Texto permite que qualquer morador de estado com mais de 10 homicídios por 100 mil habitantes tenha arma em casa, ou seja: todo mundo; para especialista, decreto generaliza e desconsidera particularidades de cada região
O decreto que altera a posse de armas no país, assinado nesta terça-feira (15/1) por Jair Bolsonaro, determina em seu artigo 7º, inciso VI, que “residentes em áreas urbanas com elevados índices de violência, assim consideradas aquelas localizadas em unidades federativas com índices anuais de mais de dez homicídios por cem mil habitantes, no ano de 2016, conforme os dados do Atlas da Violência 2018, produzido pelo Instituto de Pesquisa Econômica Aplicada e pelo Fórum Brasileiro de Segurança Pública”. Ou seja, todos os brasileiros, já que todos os estados têm índices maiores 10/100 mil.

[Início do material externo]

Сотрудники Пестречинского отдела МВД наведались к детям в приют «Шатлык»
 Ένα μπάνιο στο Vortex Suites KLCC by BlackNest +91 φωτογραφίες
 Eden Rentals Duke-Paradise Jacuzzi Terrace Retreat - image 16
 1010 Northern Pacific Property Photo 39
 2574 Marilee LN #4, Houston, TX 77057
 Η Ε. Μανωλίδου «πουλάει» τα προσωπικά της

Cabe lembrar que o atual ministro-chefe da Casa Civil e braço direito de Bolsonaro, Onyx Lorenzoni, figura na lista levantada por entidades de direitos humanos, que compõe a chamada Bancada da Bala, e recebeu R$ 100 mil da Forjas Taurus e CBC (Companhia Brasileira de Cartuchos) na última eleição para o Congresso Nacional.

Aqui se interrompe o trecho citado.